By James Aspinwall, co-written by Alfred (your trusted AI agent) – February 24, 2026, 11:00
Anthropic just shipped four features that fundamentally change how AI agents call tools. If you’ve been building agents with the standard JSON tool-calling pattern – model emits JSON, server executes, result goes back into context, repeat – these features address the pain points you’ve already hit.
AI Jason covers all four in a solid 14-minute walkthrough: https://www.youtube.com/watch?v=3wglqgskzjQ
Here’s a detailed breakdown of what shipped and what it means for production agents.
The Problem with Classic Tool Calling
The traditional flow is simple: send the model a list of tools (name, description, JSON schema), it returns a JSON tool call, the server executes it, appends the result, and the model decides the next call.
This works for simple tasks.
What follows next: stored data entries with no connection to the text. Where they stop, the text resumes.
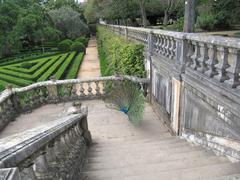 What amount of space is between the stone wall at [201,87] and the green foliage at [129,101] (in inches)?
25.2

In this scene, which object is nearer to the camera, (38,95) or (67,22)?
(38,95)

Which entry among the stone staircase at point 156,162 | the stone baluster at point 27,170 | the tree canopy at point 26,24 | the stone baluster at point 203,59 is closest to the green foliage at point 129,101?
the stone staircase at point 156,162

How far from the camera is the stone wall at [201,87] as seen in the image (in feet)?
9.36

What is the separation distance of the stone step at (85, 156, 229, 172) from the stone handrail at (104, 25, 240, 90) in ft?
3.70

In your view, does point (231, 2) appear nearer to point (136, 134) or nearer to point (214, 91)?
point (136, 134)

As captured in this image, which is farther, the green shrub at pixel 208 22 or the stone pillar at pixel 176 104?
the green shrub at pixel 208 22

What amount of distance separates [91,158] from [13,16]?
28071mm

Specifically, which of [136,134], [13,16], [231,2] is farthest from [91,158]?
[13,16]

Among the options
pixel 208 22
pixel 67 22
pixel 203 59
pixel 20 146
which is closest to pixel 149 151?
pixel 203 59

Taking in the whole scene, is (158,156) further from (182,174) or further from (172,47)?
(172,47)

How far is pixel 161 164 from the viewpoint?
336cm

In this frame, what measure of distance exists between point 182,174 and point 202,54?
7.14ft

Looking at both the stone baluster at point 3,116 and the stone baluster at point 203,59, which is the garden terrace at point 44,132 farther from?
the stone baluster at point 203,59

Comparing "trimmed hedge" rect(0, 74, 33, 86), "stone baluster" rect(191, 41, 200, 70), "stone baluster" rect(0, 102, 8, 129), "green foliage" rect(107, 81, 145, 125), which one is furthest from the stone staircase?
"trimmed hedge" rect(0, 74, 33, 86) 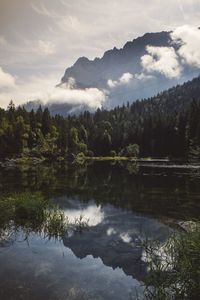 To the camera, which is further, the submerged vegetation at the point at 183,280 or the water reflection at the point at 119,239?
the water reflection at the point at 119,239

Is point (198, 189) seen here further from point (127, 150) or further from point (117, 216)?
point (127, 150)

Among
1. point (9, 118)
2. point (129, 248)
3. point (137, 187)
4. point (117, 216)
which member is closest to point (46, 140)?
point (9, 118)

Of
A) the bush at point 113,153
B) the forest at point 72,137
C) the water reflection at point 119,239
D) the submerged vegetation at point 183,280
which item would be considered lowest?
the water reflection at point 119,239

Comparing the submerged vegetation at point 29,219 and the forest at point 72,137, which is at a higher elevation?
the forest at point 72,137

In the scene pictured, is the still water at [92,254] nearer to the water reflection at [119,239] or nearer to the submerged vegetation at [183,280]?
the water reflection at [119,239]

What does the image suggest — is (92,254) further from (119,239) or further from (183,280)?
(183,280)

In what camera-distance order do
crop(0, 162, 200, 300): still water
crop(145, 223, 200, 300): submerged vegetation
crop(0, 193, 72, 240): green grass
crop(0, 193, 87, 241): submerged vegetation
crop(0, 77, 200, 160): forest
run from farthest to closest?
1. crop(0, 77, 200, 160): forest
2. crop(0, 193, 72, 240): green grass
3. crop(0, 193, 87, 241): submerged vegetation
4. crop(0, 162, 200, 300): still water
5. crop(145, 223, 200, 300): submerged vegetation

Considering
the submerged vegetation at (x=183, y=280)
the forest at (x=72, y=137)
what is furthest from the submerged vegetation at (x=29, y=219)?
the forest at (x=72, y=137)

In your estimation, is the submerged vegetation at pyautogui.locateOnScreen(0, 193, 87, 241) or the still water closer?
the still water

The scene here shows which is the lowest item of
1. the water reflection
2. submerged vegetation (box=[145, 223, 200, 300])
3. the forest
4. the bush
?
the water reflection

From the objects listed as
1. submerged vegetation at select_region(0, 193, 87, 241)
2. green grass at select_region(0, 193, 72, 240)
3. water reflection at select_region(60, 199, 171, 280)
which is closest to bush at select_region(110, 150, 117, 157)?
water reflection at select_region(60, 199, 171, 280)

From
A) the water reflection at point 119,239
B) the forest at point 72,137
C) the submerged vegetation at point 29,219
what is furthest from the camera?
the forest at point 72,137

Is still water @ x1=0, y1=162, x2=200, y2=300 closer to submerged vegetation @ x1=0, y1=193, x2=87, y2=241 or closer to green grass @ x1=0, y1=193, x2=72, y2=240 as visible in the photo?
submerged vegetation @ x1=0, y1=193, x2=87, y2=241

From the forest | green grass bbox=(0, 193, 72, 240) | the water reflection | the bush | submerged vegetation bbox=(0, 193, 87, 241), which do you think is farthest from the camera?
the bush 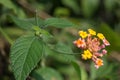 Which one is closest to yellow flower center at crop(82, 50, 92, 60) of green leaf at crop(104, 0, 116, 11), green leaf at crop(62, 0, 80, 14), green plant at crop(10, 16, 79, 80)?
green plant at crop(10, 16, 79, 80)

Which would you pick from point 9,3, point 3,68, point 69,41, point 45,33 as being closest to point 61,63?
point 69,41

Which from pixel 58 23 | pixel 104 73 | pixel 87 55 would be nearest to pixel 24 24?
pixel 58 23

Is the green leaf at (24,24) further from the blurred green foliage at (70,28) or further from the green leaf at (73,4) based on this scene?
the green leaf at (73,4)

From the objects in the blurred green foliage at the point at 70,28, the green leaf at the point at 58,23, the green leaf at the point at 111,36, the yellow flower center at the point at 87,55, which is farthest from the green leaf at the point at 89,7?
the yellow flower center at the point at 87,55

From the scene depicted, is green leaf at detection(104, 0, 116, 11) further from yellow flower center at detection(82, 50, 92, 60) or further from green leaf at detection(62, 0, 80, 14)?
yellow flower center at detection(82, 50, 92, 60)

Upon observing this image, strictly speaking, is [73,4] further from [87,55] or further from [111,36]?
[87,55]

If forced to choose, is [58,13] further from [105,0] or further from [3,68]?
[3,68] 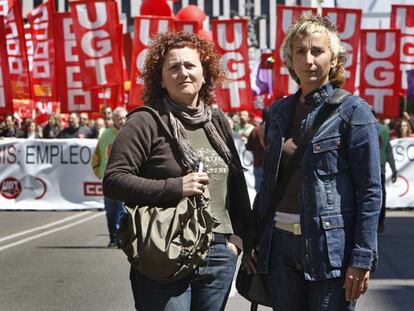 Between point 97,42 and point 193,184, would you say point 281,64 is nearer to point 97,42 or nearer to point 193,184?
point 97,42

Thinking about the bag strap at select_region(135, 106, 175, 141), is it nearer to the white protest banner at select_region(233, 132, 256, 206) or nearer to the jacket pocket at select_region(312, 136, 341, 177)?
the jacket pocket at select_region(312, 136, 341, 177)

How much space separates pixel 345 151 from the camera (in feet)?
11.8

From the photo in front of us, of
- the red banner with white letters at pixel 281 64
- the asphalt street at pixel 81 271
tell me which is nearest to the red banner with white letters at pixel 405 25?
the red banner with white letters at pixel 281 64

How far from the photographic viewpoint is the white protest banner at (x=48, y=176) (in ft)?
60.4

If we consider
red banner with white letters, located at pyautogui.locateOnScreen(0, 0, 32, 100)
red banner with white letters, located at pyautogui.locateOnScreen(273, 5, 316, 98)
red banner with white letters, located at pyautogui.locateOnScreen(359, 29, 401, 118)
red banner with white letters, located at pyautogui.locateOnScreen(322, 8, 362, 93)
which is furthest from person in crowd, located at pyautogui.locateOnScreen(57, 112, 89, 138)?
red banner with white letters, located at pyautogui.locateOnScreen(359, 29, 401, 118)

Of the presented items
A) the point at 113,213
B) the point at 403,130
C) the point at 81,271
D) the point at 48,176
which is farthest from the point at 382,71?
the point at 81,271

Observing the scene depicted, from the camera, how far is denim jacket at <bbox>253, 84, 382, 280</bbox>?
3553 millimetres

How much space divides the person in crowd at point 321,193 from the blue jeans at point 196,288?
15 centimetres

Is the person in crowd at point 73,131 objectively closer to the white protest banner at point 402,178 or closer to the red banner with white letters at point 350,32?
the red banner with white letters at point 350,32

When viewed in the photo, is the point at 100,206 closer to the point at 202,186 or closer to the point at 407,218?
the point at 407,218

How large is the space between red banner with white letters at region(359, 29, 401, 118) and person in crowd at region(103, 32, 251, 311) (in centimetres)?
1722

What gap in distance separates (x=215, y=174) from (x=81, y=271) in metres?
5.85

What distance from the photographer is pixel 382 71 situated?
21.0 m

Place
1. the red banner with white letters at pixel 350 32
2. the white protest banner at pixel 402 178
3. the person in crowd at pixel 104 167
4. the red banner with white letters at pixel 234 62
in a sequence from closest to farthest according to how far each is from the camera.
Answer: the person in crowd at pixel 104 167
the white protest banner at pixel 402 178
the red banner with white letters at pixel 350 32
the red banner with white letters at pixel 234 62
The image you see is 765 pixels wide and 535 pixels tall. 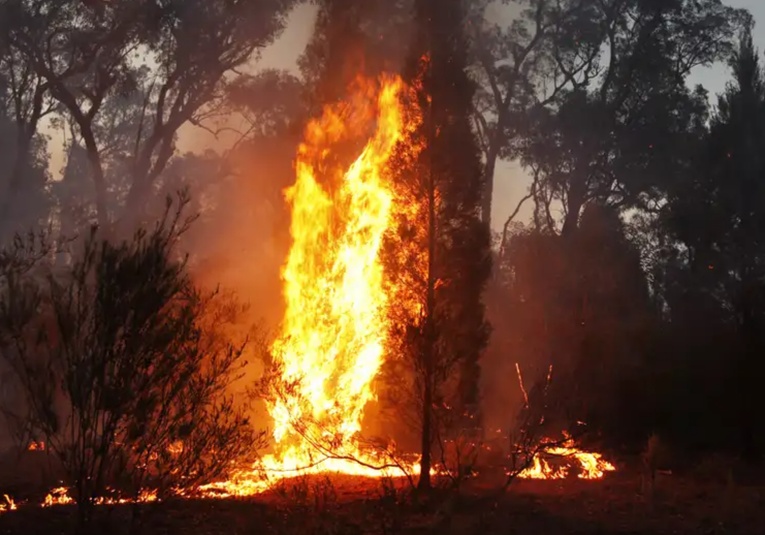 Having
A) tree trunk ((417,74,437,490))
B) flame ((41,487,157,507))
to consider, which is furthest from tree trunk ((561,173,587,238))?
flame ((41,487,157,507))

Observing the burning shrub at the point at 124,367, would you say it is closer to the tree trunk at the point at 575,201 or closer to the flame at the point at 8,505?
the flame at the point at 8,505

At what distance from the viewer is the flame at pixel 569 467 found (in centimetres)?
1474

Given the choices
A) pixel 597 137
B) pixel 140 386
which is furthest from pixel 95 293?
pixel 597 137

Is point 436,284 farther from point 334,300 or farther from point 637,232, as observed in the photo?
point 637,232

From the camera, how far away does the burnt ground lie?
9.88 meters

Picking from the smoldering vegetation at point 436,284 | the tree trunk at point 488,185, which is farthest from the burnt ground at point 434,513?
the tree trunk at point 488,185

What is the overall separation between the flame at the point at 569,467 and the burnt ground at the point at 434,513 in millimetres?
1511

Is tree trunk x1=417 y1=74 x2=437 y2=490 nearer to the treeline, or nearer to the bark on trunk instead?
the treeline

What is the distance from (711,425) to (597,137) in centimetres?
1677

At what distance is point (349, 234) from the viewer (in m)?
15.2

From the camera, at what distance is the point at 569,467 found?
50.8ft

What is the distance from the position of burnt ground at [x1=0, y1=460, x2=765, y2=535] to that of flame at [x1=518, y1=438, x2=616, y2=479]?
1.51 meters

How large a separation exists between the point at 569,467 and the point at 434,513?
216 inches

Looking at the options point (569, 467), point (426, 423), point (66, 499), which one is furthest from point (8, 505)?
point (569, 467) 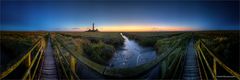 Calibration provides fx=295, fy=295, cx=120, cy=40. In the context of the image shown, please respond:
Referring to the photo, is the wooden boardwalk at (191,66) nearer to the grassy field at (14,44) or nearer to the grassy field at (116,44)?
the grassy field at (116,44)

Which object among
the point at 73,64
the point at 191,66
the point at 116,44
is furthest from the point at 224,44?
the point at 73,64

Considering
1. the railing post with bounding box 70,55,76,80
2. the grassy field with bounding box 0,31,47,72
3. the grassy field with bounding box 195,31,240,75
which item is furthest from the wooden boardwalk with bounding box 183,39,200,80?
the grassy field with bounding box 0,31,47,72

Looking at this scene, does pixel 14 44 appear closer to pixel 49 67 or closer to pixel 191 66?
pixel 49 67

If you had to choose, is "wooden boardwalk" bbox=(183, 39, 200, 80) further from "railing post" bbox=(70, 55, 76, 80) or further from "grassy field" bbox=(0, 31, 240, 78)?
"railing post" bbox=(70, 55, 76, 80)

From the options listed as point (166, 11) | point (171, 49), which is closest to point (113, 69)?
point (171, 49)

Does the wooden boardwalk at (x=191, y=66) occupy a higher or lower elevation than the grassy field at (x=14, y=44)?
lower

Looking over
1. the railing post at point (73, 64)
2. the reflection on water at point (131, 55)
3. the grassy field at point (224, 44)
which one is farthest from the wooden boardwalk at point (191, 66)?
the railing post at point (73, 64)

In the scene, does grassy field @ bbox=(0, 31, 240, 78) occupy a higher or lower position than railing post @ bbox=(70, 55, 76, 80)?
higher

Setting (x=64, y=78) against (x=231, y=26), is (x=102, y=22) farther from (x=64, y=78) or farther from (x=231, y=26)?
(x=231, y=26) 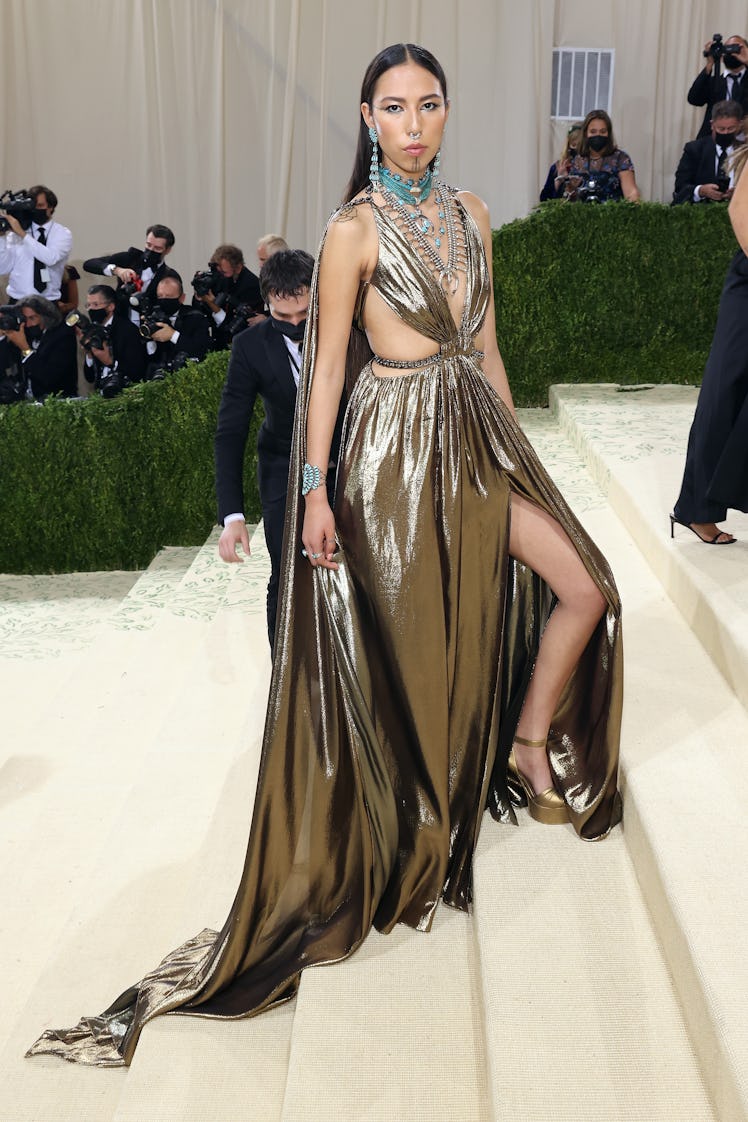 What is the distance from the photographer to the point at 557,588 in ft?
7.00

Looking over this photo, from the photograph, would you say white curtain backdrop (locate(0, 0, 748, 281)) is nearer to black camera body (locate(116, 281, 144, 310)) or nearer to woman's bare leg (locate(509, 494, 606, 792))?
black camera body (locate(116, 281, 144, 310))

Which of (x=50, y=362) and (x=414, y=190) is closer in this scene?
(x=414, y=190)

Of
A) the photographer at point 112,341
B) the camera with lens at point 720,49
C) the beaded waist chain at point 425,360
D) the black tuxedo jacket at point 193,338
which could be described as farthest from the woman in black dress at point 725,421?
the camera with lens at point 720,49

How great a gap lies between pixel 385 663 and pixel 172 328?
196 inches

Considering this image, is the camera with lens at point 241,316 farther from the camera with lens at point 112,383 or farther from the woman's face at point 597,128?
the woman's face at point 597,128

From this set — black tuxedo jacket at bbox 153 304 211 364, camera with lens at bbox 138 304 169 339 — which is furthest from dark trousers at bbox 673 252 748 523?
camera with lens at bbox 138 304 169 339

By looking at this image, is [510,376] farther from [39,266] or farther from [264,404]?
[264,404]

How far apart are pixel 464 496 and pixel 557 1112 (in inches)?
41.4

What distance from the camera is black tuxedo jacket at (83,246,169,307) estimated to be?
6.88 m

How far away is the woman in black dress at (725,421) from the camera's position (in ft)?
10.5

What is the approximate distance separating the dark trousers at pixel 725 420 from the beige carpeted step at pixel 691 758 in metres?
0.19

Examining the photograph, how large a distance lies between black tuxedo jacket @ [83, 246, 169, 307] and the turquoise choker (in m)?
5.04

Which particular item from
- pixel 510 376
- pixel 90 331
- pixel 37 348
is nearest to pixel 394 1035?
pixel 510 376

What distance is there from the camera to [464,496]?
211 centimetres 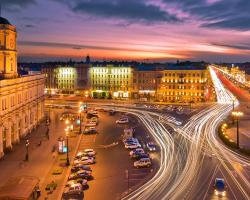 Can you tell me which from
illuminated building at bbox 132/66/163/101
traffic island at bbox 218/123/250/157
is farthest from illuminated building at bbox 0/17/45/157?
illuminated building at bbox 132/66/163/101

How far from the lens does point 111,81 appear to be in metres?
109

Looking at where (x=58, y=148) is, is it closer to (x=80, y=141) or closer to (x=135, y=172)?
(x=80, y=141)

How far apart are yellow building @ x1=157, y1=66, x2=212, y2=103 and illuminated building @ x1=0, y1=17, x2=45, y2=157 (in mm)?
47877

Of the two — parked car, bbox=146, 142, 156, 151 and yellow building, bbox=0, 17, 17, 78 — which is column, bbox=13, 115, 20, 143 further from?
parked car, bbox=146, 142, 156, 151

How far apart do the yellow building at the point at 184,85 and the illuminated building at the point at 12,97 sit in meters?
47.9

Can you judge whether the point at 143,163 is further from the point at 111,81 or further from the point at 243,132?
the point at 111,81

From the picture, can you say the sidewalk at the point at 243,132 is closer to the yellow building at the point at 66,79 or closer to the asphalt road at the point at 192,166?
the asphalt road at the point at 192,166

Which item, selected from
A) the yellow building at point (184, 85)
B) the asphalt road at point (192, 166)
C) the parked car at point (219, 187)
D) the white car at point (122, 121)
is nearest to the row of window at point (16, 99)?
the white car at point (122, 121)

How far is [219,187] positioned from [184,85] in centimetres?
6988

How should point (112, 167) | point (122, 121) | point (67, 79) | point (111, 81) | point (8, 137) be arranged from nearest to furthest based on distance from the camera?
point (112, 167)
point (8, 137)
point (122, 121)
point (111, 81)
point (67, 79)

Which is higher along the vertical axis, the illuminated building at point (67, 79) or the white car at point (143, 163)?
the illuminated building at point (67, 79)

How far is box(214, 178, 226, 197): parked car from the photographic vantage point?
→ 2881cm

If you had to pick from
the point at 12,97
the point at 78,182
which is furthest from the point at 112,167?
the point at 12,97

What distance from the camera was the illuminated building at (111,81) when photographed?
10638cm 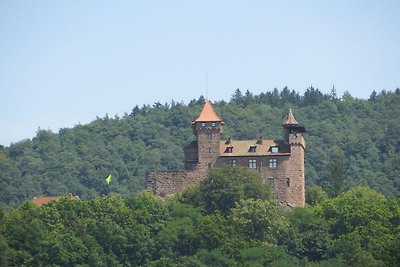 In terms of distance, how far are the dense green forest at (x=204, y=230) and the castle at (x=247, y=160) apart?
122 cm

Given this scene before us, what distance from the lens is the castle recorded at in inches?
4503

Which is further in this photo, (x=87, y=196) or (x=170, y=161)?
(x=170, y=161)

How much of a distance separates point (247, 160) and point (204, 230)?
6822 millimetres

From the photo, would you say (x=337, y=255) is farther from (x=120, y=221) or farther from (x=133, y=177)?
(x=133, y=177)

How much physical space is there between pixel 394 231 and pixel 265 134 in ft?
255

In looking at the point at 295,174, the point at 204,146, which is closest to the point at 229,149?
the point at 204,146

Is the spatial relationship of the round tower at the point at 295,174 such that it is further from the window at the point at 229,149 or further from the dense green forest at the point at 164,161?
the dense green forest at the point at 164,161

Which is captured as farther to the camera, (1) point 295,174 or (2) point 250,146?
(2) point 250,146

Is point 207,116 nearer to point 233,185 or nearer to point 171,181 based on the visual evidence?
point 171,181

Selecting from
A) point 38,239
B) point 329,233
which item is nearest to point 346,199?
point 329,233

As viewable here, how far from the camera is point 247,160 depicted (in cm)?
11531

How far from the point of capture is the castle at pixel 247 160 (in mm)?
114375

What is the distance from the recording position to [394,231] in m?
112

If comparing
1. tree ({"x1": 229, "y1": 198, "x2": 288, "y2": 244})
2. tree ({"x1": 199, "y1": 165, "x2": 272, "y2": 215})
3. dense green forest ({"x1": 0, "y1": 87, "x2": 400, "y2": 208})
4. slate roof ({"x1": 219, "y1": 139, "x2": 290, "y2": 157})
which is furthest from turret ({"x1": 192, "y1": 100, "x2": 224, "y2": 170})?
dense green forest ({"x1": 0, "y1": 87, "x2": 400, "y2": 208}) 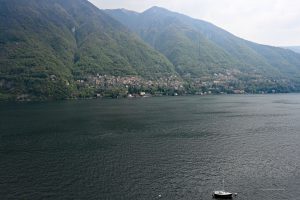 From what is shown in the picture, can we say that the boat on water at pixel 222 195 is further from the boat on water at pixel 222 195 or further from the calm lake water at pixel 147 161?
the calm lake water at pixel 147 161

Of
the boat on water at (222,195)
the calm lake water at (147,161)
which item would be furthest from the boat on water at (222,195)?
the calm lake water at (147,161)

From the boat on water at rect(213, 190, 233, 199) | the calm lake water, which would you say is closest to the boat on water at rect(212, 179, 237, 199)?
the boat on water at rect(213, 190, 233, 199)

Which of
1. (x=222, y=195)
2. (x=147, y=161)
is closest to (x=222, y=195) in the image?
(x=222, y=195)

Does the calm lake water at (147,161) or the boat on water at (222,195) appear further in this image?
the calm lake water at (147,161)

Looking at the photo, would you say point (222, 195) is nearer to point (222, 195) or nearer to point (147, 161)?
point (222, 195)

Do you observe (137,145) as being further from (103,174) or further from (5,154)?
(5,154)

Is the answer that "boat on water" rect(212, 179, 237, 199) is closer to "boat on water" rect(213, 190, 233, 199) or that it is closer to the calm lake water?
"boat on water" rect(213, 190, 233, 199)

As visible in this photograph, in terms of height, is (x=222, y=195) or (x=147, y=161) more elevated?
(x=222, y=195)

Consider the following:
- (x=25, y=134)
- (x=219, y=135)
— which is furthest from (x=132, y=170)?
(x=25, y=134) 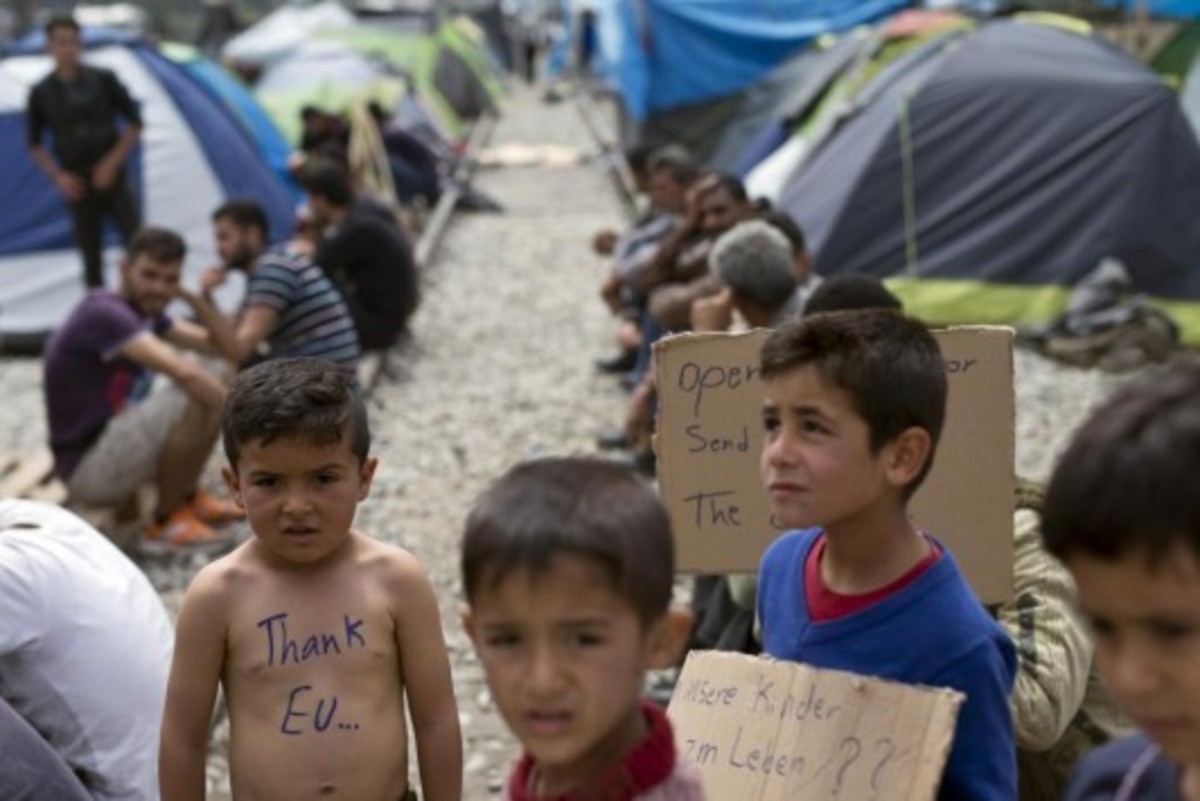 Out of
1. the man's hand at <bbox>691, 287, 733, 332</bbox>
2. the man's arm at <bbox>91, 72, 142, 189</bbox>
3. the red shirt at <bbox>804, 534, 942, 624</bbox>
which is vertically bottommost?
the man's arm at <bbox>91, 72, 142, 189</bbox>

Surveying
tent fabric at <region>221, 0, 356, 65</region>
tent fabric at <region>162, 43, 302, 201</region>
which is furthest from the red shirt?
tent fabric at <region>221, 0, 356, 65</region>

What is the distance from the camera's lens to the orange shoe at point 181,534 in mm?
7516

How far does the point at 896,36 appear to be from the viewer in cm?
1405

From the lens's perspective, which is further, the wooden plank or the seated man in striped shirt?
the seated man in striped shirt

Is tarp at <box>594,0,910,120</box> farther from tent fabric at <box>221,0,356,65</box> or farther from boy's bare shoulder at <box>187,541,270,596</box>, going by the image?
boy's bare shoulder at <box>187,541,270,596</box>

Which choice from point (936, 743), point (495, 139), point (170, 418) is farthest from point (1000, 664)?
point (495, 139)

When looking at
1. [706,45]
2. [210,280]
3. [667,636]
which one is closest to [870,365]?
[667,636]

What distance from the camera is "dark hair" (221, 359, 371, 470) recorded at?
3.17 metres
It falls apart for complex ones:
- Inefficiency: A Gmail workflow (search -> list of IDs -> repeated “read email” calls) forces the model to regenerate IDs exactly and shuttle large payloads through context. Every round trip costs tokens and latency.
- Context bloat: APIs like web search or page fetch return huge metadata or full HTML when the agent only needs a few paragraphs or IDs.
- Non-determinism: The model generates JSON every time. Each generation is a chance for errors – wrong parameter formats, inconsistent handling, hallucinated values.
- Bigger context doesn’t fix it: Even with ~1M token windows, effective usable context is far lower. Minimizing what goes into context still matters.
The “write a blog about AI news” example illustrates it well: the agent searches the web, fetches pages as raw HTML, then has to reconstruct relevant content from noise to feed into a writing tool. Most tokens are wasted.
Feature 1: Programmatic Tool Calling
This is the big one. Inspired by the “Executable Code Actions” paper and similar to Cloudflare’s code mode.
Instead of the model being a JSON glue layer that emits one tool call at a time, it gets a code execution environment with access to all available tools.
The model outputs code – TypeScript-style – that:
- Calls multiple tools in sequence or parallel
- Pipes the result of one tool into another
- Uses loops and conditionals to orchestrate workflows deterministically
- Keeps intermediate data inside the execution environment, out of the conversation context
How it works
You add a code execution tool to the model’s tool list – a sandbox for running model-written code. For each other tool, you set an allowed_caller that includes this code execution tool (referenced by a version ID like code_execution_20260120).
When the model gets a task like “query the database for last quarter purchases, then find top five customers by revenue,” its first response is a code snippet that calls the query tool, processes results, calls aggregation tools – all in one execution block.
The runtime extracts all tool uses from the code, executes them, collects results, and sends them back as a tool response. The model resumes execution with actual results and synthesizes the final answer.
Why it matters
- Fewer LLM round-trips – code can batch and parallelize tool calls
- Deterministic orchestration – filtering and branching happen in code, not in probabilistic JSON generation
- 30-50% token savings in workflows with large datasets or deterministic pipelines
-
Minimal integration changes – add the code execution tool, set
allowed_caller, update your runtime to extract and execute tool uses
LLMs are better at writing code than repeatedly emitting ad-hoc JSON. This plays to the model’s strength.
Feature 2: Dynamic Filtering for Web Fetch
This is a specialized application of programmatic tool calling for the web_fetch tool.
Problem: Traditional web fetch dumps entire HTML pages into context. Scripts, nav bars, footers, ads – all irrelevant, all consuming tokens.
Solution: Anthropic adds a middle layer. When web_fetch is called, filter code runs in a sandbox to extract only the relevant content before it hits the model’s context. The filtering is handled automatically by the code execution infrastructure.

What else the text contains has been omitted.